Planning Discussion 2

Notes from discussion (Craig W, David R, Mike L) based on above whiteboard diagram:

What we have:

• "Tool Manager" demonstrated at NDSC6 
  • Angular UI over a very simple Python/Flask REST API. 
  • The REST API allows you to get a list of supported tools, post/put/delete instances of running tools.  
  • Fronted with a basic NGINX proxy that routes traffic to the running container based on ID (e.g., http://tooserver/containerId/)
  • Data is retrieved via HTTP get using repository-specific APIs. Only Clowder and Dataverse are supported
  • Docker containers are managed via system calls (docker executable)
• WholeTale/ytHub/tmpnb:
  • The yt.hub team has extended Jupyter tmpnb to support volume mounts.  They've created fuse mounts for Girder.
• PRAGMA PID service
  • Demonstrated at NDSC6, appears to allow attaching arbitrary metadata to registered PID. 
• Analysis
  • For the Dark Sky dataset, we can use the notebook demonstrated by the yt team.
    
    

What we need to do:

• Copy MHD dataset to storage condo
• Docker-enabled hosts with access to each dataset (e.g., NFS) at SDSC, possibly in the yt DXL project, and in the NDS Labs project for MHD
• Decide whether to use/extend existing Tool Manager, yt/tmpnb or Jupyter tmpnp  (or something else)
• Define strategy for managing containers at each site
  • Simple:  "ssh docker run -v" or use the Docker API
  • Harder:  Use Kubernetes or Docker Swarm for container orchestration.  For example, launch a jupyter container on a node with label "sdsc"
• Implement the resolution/registry
  • Ability to register a data URL with some associated metadata.
  • Metadata would include site (SDSC, NCSA) and volume mount information for the dataset.
  • The PRAGMA PID service looks possible at first glance, but may be too complex for what we're trying to do.  It requires handle.net integration.
• Implement bookmarklet:  There was discussion of providing some bookmarklet javascript to link a data DOI/PID to the "tool manager" service
• Authentication: 
  • TBD – how do we control who gets access, or is it open to the public?
  • In the case of Clowder/Dataverse, all API requests include an API key
• Analysis:
  • Need to get notebooks/code to demonstrate how to work with the MHD and  Norman data.

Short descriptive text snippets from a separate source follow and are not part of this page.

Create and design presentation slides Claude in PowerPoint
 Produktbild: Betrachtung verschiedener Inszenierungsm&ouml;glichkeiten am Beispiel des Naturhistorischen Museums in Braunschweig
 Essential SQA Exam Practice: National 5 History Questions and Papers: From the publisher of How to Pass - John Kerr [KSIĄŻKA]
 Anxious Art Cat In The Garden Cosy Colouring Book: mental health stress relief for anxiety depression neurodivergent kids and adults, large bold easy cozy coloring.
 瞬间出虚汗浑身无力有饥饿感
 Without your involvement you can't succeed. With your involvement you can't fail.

Example case for resolution (not a real dataset for SC16)

• A dataset has a Globus Publish landing page https://publish.globus.org/jspui/handle/ITEM/113
• This dataset has the URL
  • https://www.globus.org/app/transfer?origin_id=82f1b5c6-6e9b-11e5-ba47-22000b92c6ec&origin_path=/unpublished/publication_113/
• This would map to Nebula:
  • /scratch/mdf/publication_113

Component Options

We will need to select one from each of the following categories.

All combinations are possible, although some combinations will likely be easier to accomplish than others.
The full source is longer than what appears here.